[Captioned web images]
====================

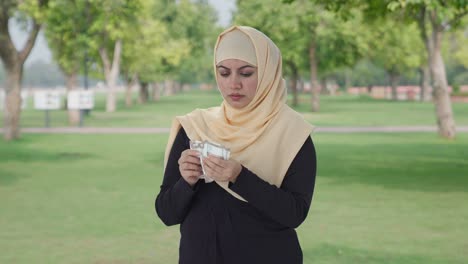 Traurige-Muslimische-Frau,-Die-Im-Park-Geld-Zählt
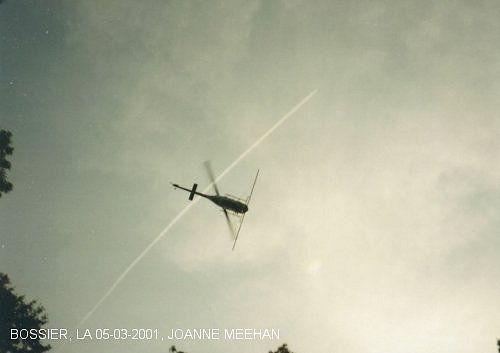 Chemtrail sprayings over Bossier, LA on 04-19-2001, helicopter above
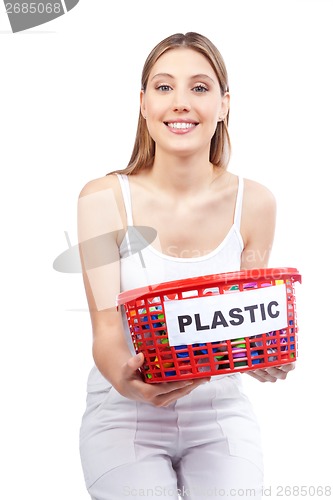 Image of Woman Holding Red Basket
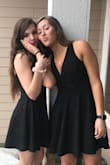 The dress is so pretty. It's a thicker material so it lays nicely. It's not too low, but could use a little stitch to hold the neckline together a bit.  The length is short but not too short. The necklace is also from Lulus. - Jodi S.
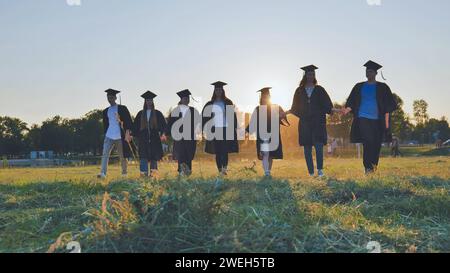 Graduate students walking through an evening meadow at sunset. Stock Photo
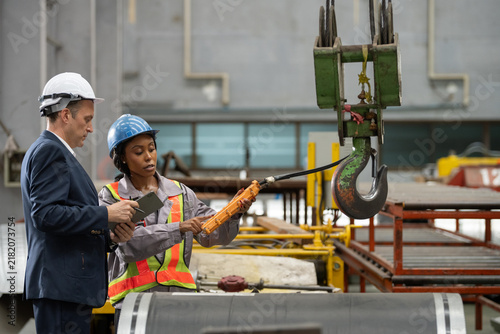 Owner boss manager assistant secretary inspection inspecting in warehouse inventory storage Female supervisor holding pendant remote controller operating overhead crane hook beside male manager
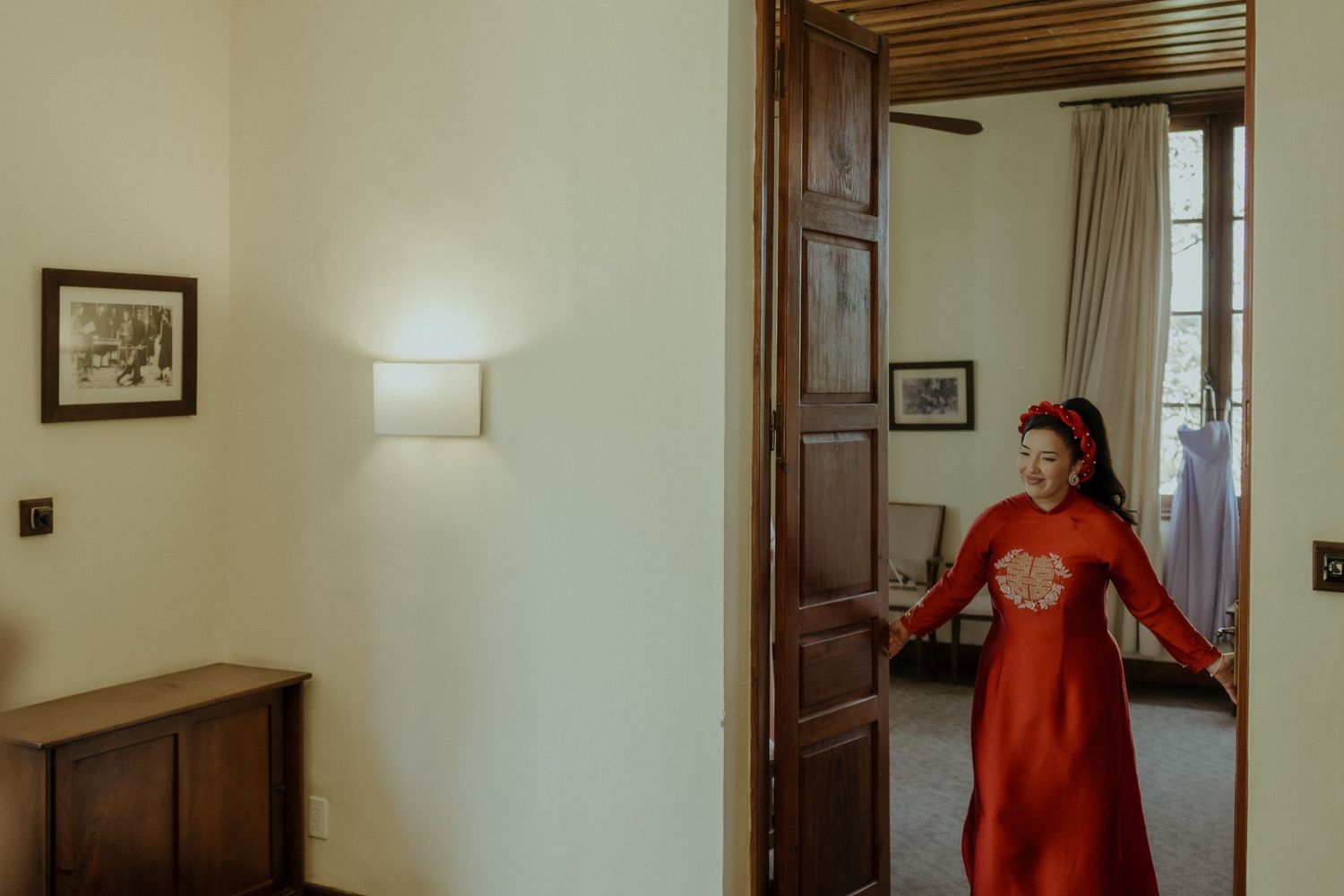 A bright red vintage style dress stands out against cream walls in a doorway between classic wooden-framed rooms.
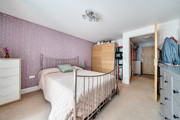 Bedroom with double bed, wardrobes and chest of drawers.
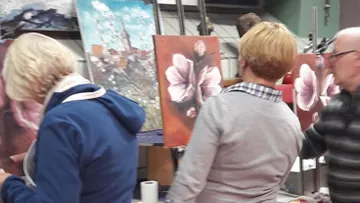 People painting floral artworks in a studio.
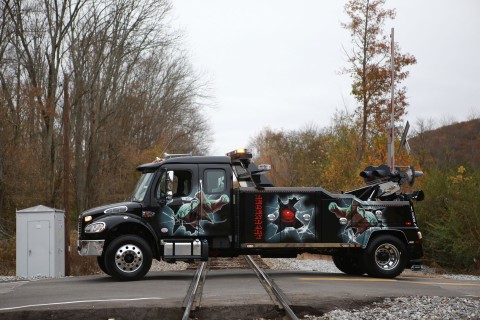 side photo of a black vulcan v-30 on a freightliner m2 chassis crossing railroad tracks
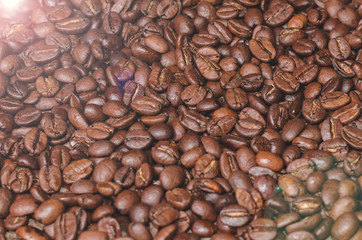 Background of coffee beans on a wooden board with glare close up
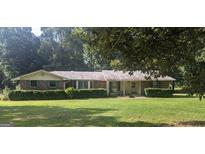 Charming single-story brick home with a well-manicured lawn and mature trees at 2215 Mount Carmel Rd, Hampton, GA 30228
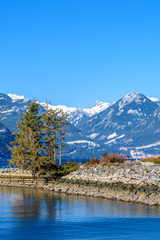 Fantastic view over ocean, snow mountain and rocks at Furry Creek Dive Site in Vancouver, Canada.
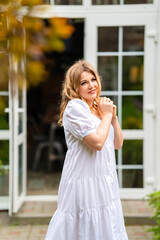 an attractive woman in a white summer dress on the threshold of a country house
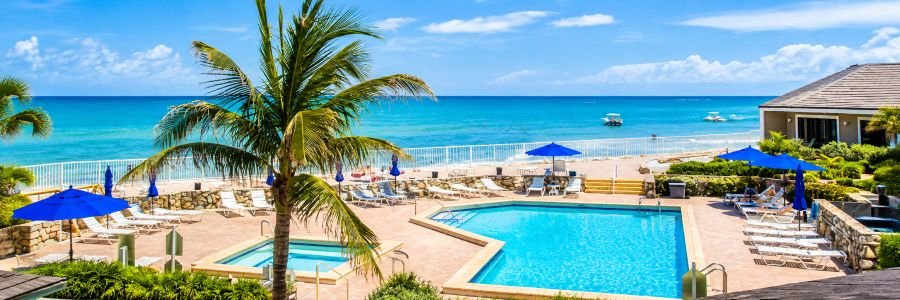 Jupiter Reef Club with a beachfront swimming pool, palm trees, blue umbrellas, and turquoise Atlantic Ocean views.
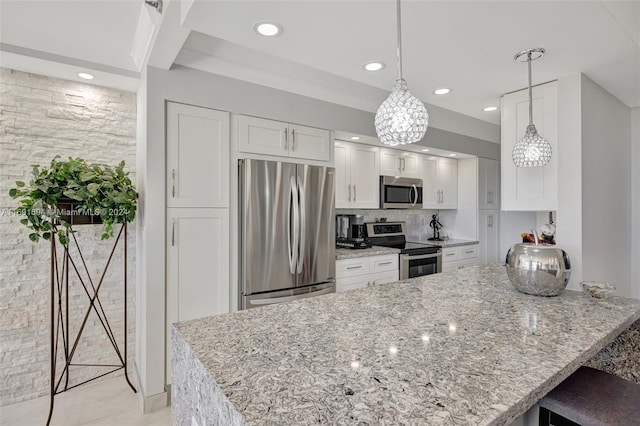 kitchen with light stone countertops, appliances with stainless steel finishes, backsplash, white cabinetry, and hanging light fixtures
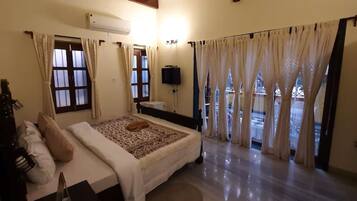 Un dormitorio con una cama, cortinas, un televisor y una ventana.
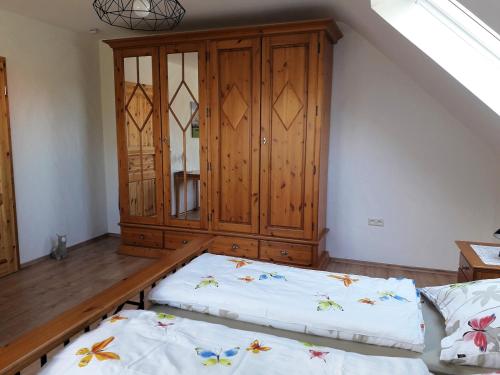 a room with two beds and a wooden cabinet at Landhaus Grimburg - Ferienwohnung Obergeschoss in Grimburg
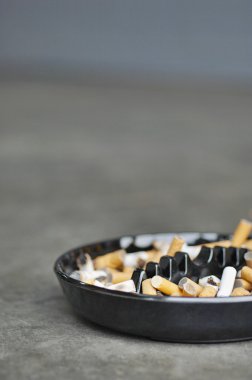 Full ashtray of cigarettes on table clipart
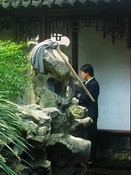 The karst is decorated with bamboo, grass ... and a mop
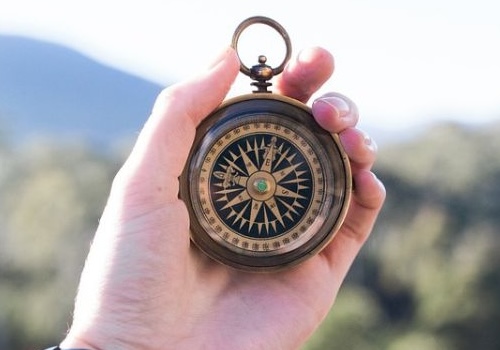 Hand holding a compass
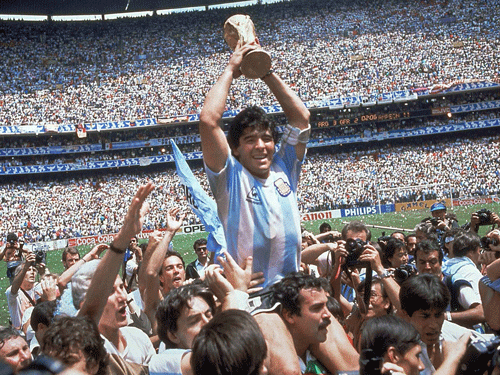 In this June 29, 1986, file photo, Diego Maradona, holds up the trophy, after Argentina beat West Germany 3-2 in their World Cup soccer final match, at the Atzeca Stadium, in Mexico City. On Sunday, July 13, 2014, Germany and Argentina will face each other again in the final of the 2014 soccer World Cup. (AP Photo)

====================

■ Problem to solve: Return the lines of the data above in full and exactly, with no pictures.

■ Exercise response:
 Traurige-Muslimische-Frau,-Die-Im-Park-Geld-Zählt
 Chemtrail sprayings over Bossier, LA on 04-19-2001, helicopter above
 Image of Woman Holding Red Basket
 The dress is so pretty. It's a thicker material so it lays nicely. It's not too low, but could use a little stitch to hold the neckline together a bit.  The length is short but not too short. The necklace is also from Lulus. - Jodi S.
 Graduate students walking through an evening meadow at sunset. Stock Photo
 Owner boss manager assistant secretary inspection inspecting in warehouse inventory storage Female supervisor holding pendant remote controller operating overhead crane hook beside male manager
 A bright red vintage style dress stands out against cream walls in a doorway between classic wooden-framed rooms.
 Bedroom with double bed, wardrobes and chest of drawers.
 People painting floral artworks in a studio.
 side photo of a black vulcan v-30 on a freightliner m2 chassis crossing railroad tracks
 Background of coffee beans on a wooden board with glare close up
 Charming single-story brick home with a well-manicured lawn and mature trees at 2215 Mount Carmel Rd, Hampton, GA 30228
 Fantastic view over ocean, snow mountain and rocks at Furry Creek Dive Site in Vancouver, Canada.
 an attractive woman in a white summer dress on the threshold of a country house
 Jupiter Reef Club with a beachfront swimming pool, palm trees, blue umbrellas, and turquoise Atlantic Ocean views.
 kitchen with light stone countertops, appliances with stainless steel finishes, backsplash, white cabinetry, and hanging light fixtures
 Un dormitorio con una cama, cortinas, un televisor y una ventana.
 a room with two beds and a wooden cabinet at Landhaus Grimburg - Ferienwohnung Obergeschoss in Grimburg
 Full ashtray of cigarettes on table clipart
 The karst is decorated with bamboo, grass ... and a mop
 Hand holding a compass
 In this June 29, 1986, file photo, Diego Maradona, holds up the trophy, after Argentina beat West Germany 3-2 in their World Cup soccer final match, at the Atzeca Stadium, in Mexico City. On Sunday, July 13, 2014, Germany and Argentina will face each other again in the final of the 2014 soccer World Cup. (AP Photo)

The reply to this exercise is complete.